Introduction
Disseminated intravascular coagulation (DIC) is a systemic thrombohemorrhagic disorder with variable pathophysiology. The underlying diseases causing DIC include obstetric accidents, intravascular hemolysis, septicemia, viremia, burns, trauma, acute liver disease, and malignant disease
1). There is a causal relationship between DIC and the presence of malignancy
2). The incidence of DIC was reported on 7% of the patients with solid tumor and 15%-20% of the patients with acute leukemia
3,4). DIC in pediatric solid tumor has been reported with disseminated neuroblastoma, nephroblastoma, infantile fibrosarcoma, and multi-system Langerhans cell histiocytosis
5). The pediatric patients with rhabdomyosarcoma presenting with DIC at diagnosis are rare and are mainly seen with the widespread alveolar rhabdomyosarcoma metastatic to bone marrow (BM)

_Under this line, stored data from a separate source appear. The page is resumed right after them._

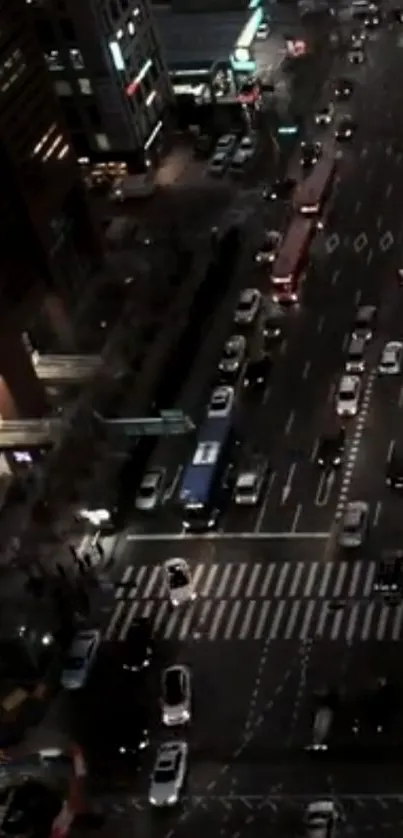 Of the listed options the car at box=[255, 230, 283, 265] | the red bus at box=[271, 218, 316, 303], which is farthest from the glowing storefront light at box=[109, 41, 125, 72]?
the red bus at box=[271, 218, 316, 303]

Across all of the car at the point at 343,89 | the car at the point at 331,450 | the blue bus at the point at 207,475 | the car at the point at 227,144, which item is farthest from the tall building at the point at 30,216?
the car at the point at 343,89

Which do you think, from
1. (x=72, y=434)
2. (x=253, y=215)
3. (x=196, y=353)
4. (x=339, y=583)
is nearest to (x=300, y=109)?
(x=253, y=215)

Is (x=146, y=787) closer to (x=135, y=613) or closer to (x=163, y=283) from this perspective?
(x=135, y=613)

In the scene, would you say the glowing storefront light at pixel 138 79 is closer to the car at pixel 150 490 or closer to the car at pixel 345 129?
the car at pixel 345 129

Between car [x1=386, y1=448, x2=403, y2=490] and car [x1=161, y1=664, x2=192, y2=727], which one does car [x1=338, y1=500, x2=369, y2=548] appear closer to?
car [x1=386, y1=448, x2=403, y2=490]

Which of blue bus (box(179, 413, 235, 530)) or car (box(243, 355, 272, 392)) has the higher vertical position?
blue bus (box(179, 413, 235, 530))

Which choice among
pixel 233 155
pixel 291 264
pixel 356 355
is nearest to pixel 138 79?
pixel 233 155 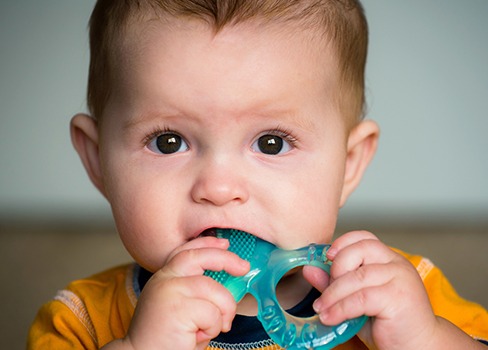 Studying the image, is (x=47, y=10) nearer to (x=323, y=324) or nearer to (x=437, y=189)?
(x=437, y=189)

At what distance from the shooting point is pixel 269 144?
1.05 metres

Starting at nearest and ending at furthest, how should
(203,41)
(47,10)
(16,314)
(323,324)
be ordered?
(323,324), (203,41), (16,314), (47,10)

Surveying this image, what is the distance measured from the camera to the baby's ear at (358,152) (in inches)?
49.1

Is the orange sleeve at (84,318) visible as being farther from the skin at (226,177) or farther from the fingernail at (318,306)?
the fingernail at (318,306)

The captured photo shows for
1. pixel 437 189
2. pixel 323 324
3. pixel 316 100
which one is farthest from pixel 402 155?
pixel 323 324

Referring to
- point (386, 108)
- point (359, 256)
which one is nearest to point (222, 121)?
point (359, 256)

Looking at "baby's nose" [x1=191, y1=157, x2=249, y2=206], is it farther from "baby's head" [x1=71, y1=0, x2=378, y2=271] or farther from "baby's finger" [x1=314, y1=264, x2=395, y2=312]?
"baby's finger" [x1=314, y1=264, x2=395, y2=312]

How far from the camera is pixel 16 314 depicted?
193 centimetres

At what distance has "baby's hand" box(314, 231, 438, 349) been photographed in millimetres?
914

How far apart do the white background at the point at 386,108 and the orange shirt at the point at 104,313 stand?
1.43m

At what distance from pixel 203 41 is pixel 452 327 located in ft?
1.63

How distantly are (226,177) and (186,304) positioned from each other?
177mm

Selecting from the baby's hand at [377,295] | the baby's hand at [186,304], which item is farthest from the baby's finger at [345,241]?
the baby's hand at [186,304]

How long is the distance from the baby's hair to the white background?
1440 mm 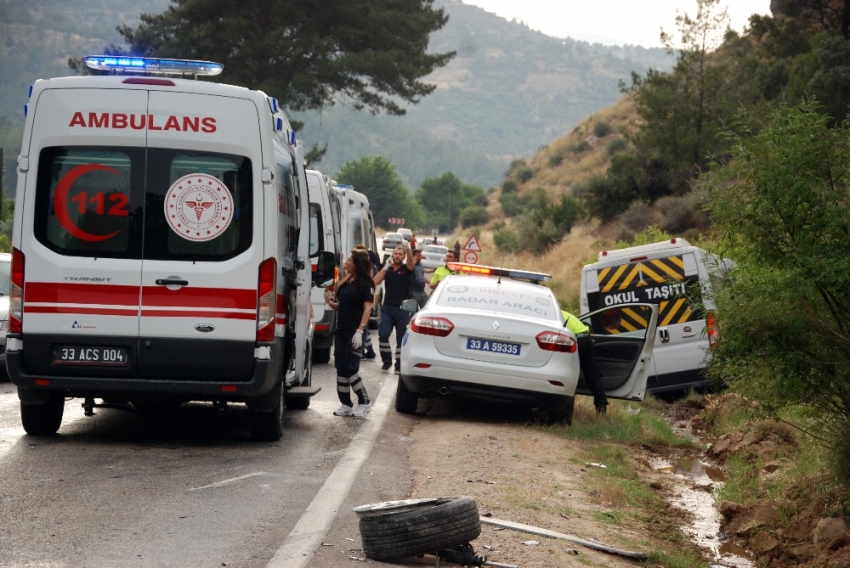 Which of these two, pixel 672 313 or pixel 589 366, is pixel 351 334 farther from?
pixel 672 313

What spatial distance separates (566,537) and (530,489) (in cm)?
155

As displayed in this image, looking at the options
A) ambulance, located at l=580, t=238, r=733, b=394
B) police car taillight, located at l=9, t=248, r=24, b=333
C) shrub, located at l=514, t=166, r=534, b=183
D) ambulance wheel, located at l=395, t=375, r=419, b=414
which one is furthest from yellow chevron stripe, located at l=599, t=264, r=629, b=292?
shrub, located at l=514, t=166, r=534, b=183

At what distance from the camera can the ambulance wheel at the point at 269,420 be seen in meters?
9.48

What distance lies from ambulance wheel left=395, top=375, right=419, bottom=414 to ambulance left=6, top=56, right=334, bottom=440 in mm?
3178

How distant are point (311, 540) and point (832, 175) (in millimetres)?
Answer: 4217

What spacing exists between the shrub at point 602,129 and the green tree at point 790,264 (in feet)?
277

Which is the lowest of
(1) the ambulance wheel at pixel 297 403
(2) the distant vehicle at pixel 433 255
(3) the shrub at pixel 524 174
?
(2) the distant vehicle at pixel 433 255

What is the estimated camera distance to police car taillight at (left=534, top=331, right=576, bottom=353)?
443 inches

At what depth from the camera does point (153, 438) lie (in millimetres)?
9648

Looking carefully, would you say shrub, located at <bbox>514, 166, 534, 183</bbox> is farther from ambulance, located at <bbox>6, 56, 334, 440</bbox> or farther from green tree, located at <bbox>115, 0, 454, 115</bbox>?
ambulance, located at <bbox>6, 56, 334, 440</bbox>

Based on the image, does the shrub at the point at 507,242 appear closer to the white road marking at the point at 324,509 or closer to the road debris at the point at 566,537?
the white road marking at the point at 324,509

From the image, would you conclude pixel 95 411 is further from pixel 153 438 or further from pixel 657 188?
pixel 657 188

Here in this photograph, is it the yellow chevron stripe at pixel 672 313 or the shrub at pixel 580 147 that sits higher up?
the shrub at pixel 580 147

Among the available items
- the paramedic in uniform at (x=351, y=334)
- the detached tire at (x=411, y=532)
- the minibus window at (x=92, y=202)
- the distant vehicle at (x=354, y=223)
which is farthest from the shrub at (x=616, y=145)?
the detached tire at (x=411, y=532) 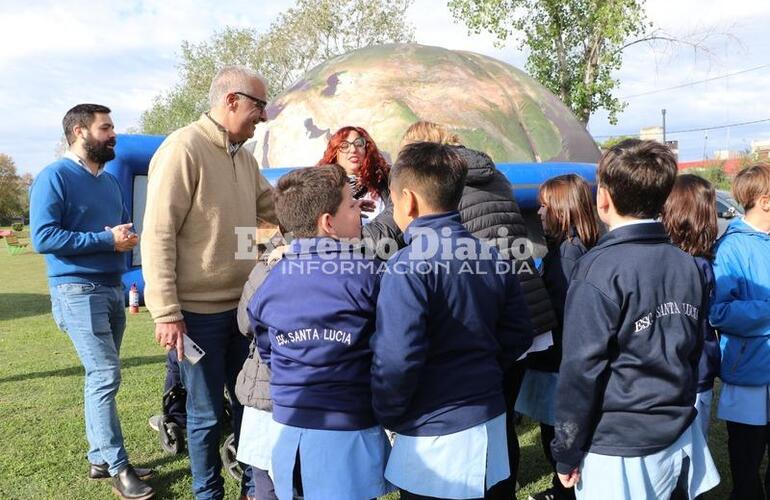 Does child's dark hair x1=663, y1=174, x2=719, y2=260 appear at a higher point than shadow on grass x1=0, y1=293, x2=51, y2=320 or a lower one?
higher

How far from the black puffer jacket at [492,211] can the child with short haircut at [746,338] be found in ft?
2.83

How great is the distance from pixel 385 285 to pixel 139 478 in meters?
2.27

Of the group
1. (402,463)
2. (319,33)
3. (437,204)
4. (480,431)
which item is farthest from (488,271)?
(319,33)

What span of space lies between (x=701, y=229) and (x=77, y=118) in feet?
11.4

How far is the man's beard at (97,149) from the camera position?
356 cm

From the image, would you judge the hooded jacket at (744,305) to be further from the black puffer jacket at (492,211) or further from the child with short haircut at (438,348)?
the child with short haircut at (438,348)

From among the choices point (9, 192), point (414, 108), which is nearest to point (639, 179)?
point (414, 108)

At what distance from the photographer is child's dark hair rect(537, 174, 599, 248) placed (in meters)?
3.13

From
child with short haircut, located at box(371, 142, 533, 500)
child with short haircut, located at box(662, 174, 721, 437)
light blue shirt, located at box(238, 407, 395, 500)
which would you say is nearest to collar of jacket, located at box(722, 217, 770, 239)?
child with short haircut, located at box(662, 174, 721, 437)

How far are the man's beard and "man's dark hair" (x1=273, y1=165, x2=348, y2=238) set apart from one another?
1.82m

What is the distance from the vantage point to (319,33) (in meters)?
28.8

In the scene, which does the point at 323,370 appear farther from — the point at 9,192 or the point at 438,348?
the point at 9,192

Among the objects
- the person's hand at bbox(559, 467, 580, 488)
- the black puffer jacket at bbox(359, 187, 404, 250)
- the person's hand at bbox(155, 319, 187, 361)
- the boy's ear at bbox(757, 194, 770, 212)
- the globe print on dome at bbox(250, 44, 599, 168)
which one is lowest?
the person's hand at bbox(559, 467, 580, 488)

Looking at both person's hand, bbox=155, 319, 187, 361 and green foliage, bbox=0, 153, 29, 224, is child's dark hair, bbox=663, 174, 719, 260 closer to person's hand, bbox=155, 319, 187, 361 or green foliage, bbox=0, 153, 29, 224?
person's hand, bbox=155, 319, 187, 361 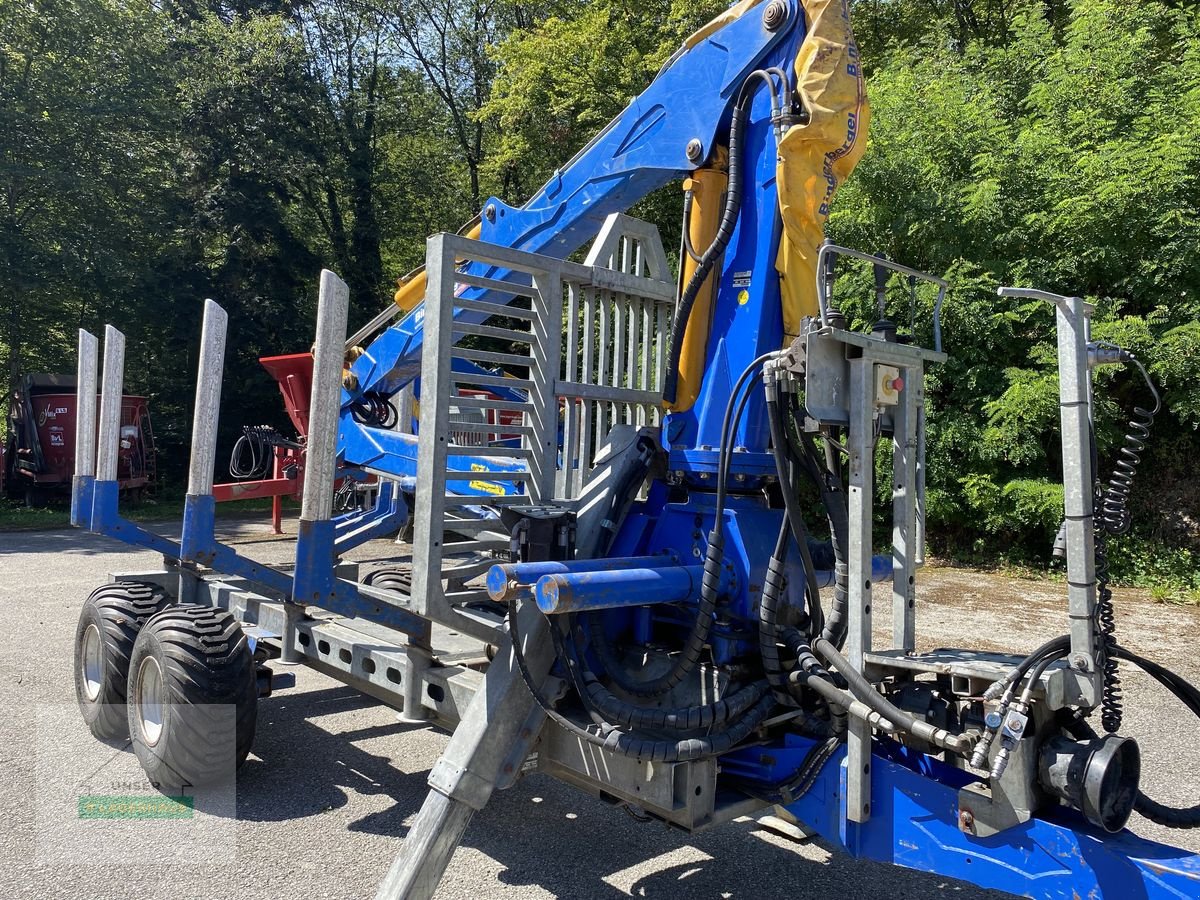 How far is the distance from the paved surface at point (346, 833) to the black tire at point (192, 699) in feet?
0.83

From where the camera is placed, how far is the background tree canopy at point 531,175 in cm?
1177

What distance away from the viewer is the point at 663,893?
12.7 feet

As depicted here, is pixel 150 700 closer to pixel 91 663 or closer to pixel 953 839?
pixel 91 663

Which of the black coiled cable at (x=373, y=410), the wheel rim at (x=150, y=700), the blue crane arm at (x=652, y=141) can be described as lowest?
the wheel rim at (x=150, y=700)

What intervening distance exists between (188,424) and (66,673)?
18.4 meters

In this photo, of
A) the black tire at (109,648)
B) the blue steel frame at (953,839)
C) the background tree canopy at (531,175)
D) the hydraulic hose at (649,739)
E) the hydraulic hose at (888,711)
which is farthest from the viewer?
the background tree canopy at (531,175)

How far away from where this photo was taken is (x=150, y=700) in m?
4.89

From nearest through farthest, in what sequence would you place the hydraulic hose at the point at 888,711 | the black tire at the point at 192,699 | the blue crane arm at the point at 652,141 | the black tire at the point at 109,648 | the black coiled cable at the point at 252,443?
the hydraulic hose at the point at 888,711
the blue crane arm at the point at 652,141
the black tire at the point at 192,699
the black tire at the point at 109,648
the black coiled cable at the point at 252,443

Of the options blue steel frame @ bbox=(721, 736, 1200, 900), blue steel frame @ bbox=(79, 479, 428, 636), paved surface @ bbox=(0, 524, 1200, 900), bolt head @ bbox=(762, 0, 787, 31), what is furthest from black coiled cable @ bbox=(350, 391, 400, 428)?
blue steel frame @ bbox=(721, 736, 1200, 900)

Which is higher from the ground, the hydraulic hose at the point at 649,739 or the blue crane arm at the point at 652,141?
the blue crane arm at the point at 652,141

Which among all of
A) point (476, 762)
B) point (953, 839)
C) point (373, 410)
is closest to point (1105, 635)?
point (953, 839)

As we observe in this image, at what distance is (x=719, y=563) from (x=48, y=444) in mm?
19445

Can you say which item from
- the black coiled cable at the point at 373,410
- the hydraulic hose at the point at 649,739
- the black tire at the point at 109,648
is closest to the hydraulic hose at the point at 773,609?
the hydraulic hose at the point at 649,739

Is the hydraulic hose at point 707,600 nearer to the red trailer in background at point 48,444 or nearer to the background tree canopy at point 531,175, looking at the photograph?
the background tree canopy at point 531,175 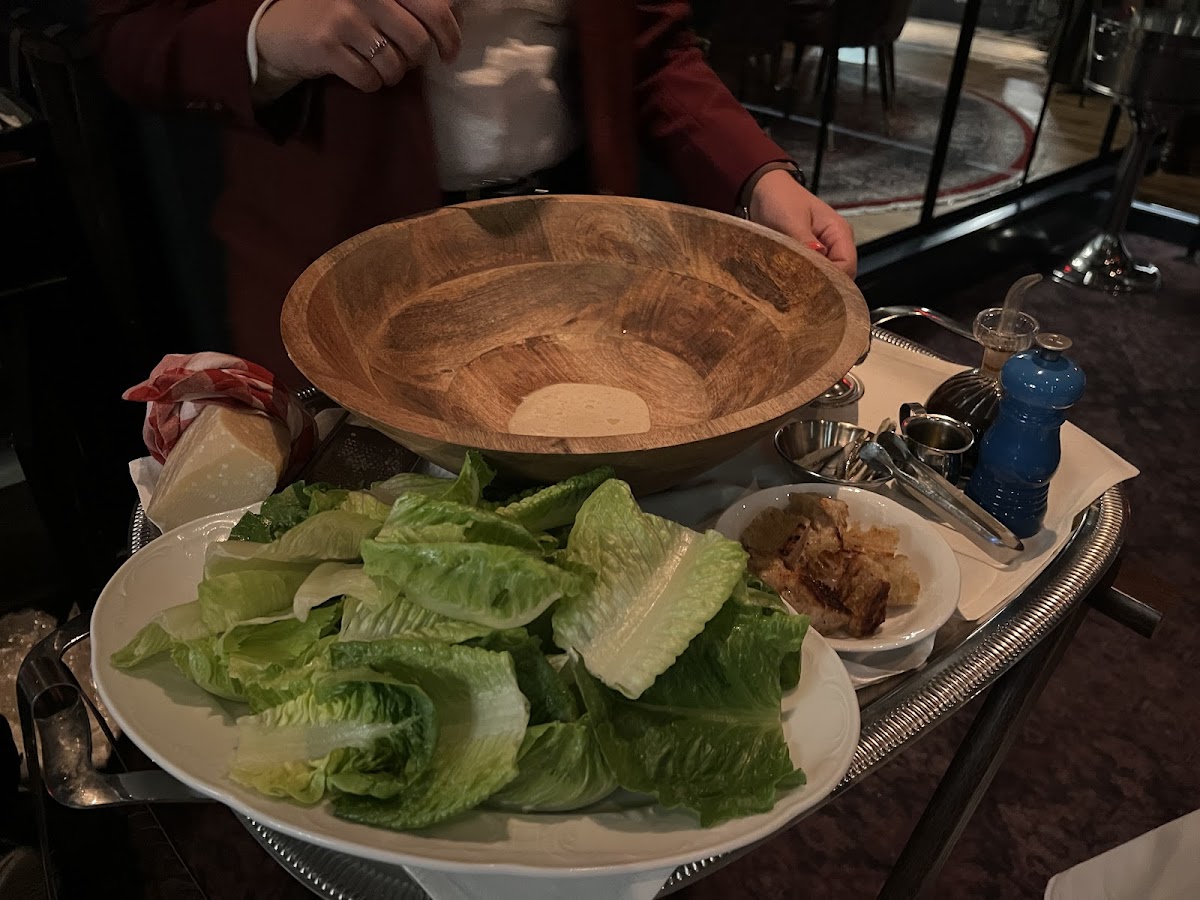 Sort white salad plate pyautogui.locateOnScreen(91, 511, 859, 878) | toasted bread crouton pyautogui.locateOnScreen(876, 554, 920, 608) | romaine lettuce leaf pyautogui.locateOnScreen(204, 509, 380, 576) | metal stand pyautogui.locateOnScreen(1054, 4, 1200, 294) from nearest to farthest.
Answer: white salad plate pyautogui.locateOnScreen(91, 511, 859, 878) < romaine lettuce leaf pyautogui.locateOnScreen(204, 509, 380, 576) < toasted bread crouton pyautogui.locateOnScreen(876, 554, 920, 608) < metal stand pyautogui.locateOnScreen(1054, 4, 1200, 294)

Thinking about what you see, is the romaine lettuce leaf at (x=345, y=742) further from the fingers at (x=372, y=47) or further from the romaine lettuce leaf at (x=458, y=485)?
the fingers at (x=372, y=47)

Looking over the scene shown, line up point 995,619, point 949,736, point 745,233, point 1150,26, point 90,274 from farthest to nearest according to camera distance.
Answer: point 1150,26
point 949,736
point 90,274
point 745,233
point 995,619

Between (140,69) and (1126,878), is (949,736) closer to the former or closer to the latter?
(1126,878)

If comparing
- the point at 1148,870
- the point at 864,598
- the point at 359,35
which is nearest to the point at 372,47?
the point at 359,35

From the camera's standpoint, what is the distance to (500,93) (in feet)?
3.41

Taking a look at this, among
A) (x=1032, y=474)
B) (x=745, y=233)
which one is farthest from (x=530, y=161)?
(x=1032, y=474)

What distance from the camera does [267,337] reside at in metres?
1.19

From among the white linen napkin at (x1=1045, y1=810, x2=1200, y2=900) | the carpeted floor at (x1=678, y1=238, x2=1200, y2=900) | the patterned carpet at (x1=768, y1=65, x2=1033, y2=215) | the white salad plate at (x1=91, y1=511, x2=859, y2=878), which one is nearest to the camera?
the white salad plate at (x1=91, y1=511, x2=859, y2=878)

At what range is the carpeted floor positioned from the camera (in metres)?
1.32

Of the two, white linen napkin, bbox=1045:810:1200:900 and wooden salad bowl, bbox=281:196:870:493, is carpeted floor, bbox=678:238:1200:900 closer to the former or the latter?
white linen napkin, bbox=1045:810:1200:900

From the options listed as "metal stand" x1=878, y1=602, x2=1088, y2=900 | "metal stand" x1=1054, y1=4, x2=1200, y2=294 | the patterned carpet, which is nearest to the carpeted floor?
"metal stand" x1=878, y1=602, x2=1088, y2=900

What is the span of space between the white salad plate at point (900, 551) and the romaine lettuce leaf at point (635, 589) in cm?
16

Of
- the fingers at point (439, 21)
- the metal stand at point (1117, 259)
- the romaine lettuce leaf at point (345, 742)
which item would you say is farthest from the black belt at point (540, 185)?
the metal stand at point (1117, 259)

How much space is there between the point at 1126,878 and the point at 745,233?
93 centimetres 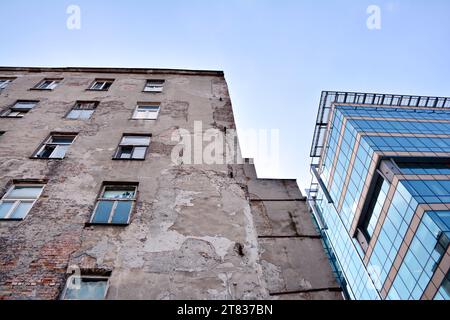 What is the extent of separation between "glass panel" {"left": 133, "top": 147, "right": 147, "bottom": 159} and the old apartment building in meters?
0.04

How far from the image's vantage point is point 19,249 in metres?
5.72

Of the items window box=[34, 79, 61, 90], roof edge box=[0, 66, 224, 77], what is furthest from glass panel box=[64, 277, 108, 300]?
roof edge box=[0, 66, 224, 77]

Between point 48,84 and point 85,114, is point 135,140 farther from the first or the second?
point 48,84

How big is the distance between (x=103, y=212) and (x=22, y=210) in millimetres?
1937

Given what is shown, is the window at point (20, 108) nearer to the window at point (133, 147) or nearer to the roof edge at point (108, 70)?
the roof edge at point (108, 70)

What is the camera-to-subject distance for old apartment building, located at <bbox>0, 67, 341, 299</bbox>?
5414 mm

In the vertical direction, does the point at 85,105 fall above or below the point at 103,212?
Result: above

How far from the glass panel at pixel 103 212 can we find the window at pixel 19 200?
158 centimetres

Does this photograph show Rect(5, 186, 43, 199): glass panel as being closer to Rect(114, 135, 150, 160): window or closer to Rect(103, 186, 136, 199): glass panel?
Rect(103, 186, 136, 199): glass panel

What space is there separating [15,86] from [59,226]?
10.5 metres

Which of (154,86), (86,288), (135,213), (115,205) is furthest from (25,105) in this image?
(86,288)

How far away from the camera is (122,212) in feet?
22.6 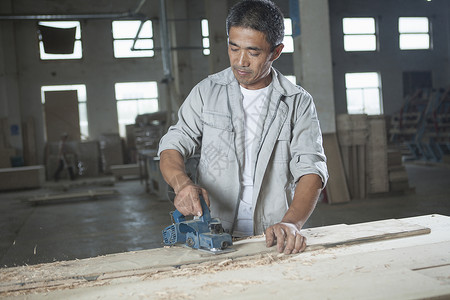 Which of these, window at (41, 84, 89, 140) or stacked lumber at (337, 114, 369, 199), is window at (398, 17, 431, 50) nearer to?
window at (41, 84, 89, 140)

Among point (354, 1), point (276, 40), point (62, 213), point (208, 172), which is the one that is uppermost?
point (354, 1)

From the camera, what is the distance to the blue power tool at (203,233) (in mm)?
1852

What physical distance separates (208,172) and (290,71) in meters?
15.8

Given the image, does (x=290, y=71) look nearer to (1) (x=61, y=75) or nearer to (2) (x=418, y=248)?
(1) (x=61, y=75)

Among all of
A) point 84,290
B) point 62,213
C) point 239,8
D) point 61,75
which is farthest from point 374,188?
point 61,75

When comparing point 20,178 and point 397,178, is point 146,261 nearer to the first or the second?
point 397,178

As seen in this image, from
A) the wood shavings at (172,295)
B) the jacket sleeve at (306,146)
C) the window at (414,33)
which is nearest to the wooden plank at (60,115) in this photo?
the window at (414,33)

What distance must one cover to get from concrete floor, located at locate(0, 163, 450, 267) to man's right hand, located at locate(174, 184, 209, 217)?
143 inches

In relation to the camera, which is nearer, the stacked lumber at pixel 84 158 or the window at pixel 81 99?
the stacked lumber at pixel 84 158

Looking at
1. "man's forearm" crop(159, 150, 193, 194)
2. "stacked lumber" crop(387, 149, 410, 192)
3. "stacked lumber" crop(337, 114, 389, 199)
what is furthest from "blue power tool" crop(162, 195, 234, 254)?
"stacked lumber" crop(387, 149, 410, 192)

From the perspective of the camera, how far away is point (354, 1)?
58.8 ft

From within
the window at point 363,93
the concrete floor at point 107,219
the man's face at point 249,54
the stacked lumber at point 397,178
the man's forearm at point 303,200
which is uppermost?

3). Clinically, DIC in cancer is less fulminant than the types of DIC seen in sepsis and trauma. Also, chronic and systemic activation of coagulation can progress subclinically, and this progression may lead to exhaustion of coagulation factors and platelets. Therefore, bleeding may be the first clinical symptom of DIC in a patient with cancer
2).
Here, we describe an unusual case with acute bleeding and DIC, which were severe and very difficult to control, with the presenting manifestation of alveolar rhabdomyosarcoma metastatic to BM. Early administration of chemotherapy and vigorous supportive care could control the massive bleeding and DIC.
Case report
A 13-year-old boy was admitted in January 2011, due to an uncontrolled bleeding at the operation site of the right thenar muscle. The swelling of the right thenar muscle developed after a fall on August 2010 (
Fig. 1A, B). However, no treatment was given under the impression that the swelling was a hematoma. After showing no improvement for over 5 months, excision of this lesion was attempted at a private orthopedic surgery clinic. Before marginal excision, the patient had no history of bleeding tendency and normal coagulation screening tests. He underwent two additional operations at different hospitals for the control of bleeding, but the bleeding at the operation site continued.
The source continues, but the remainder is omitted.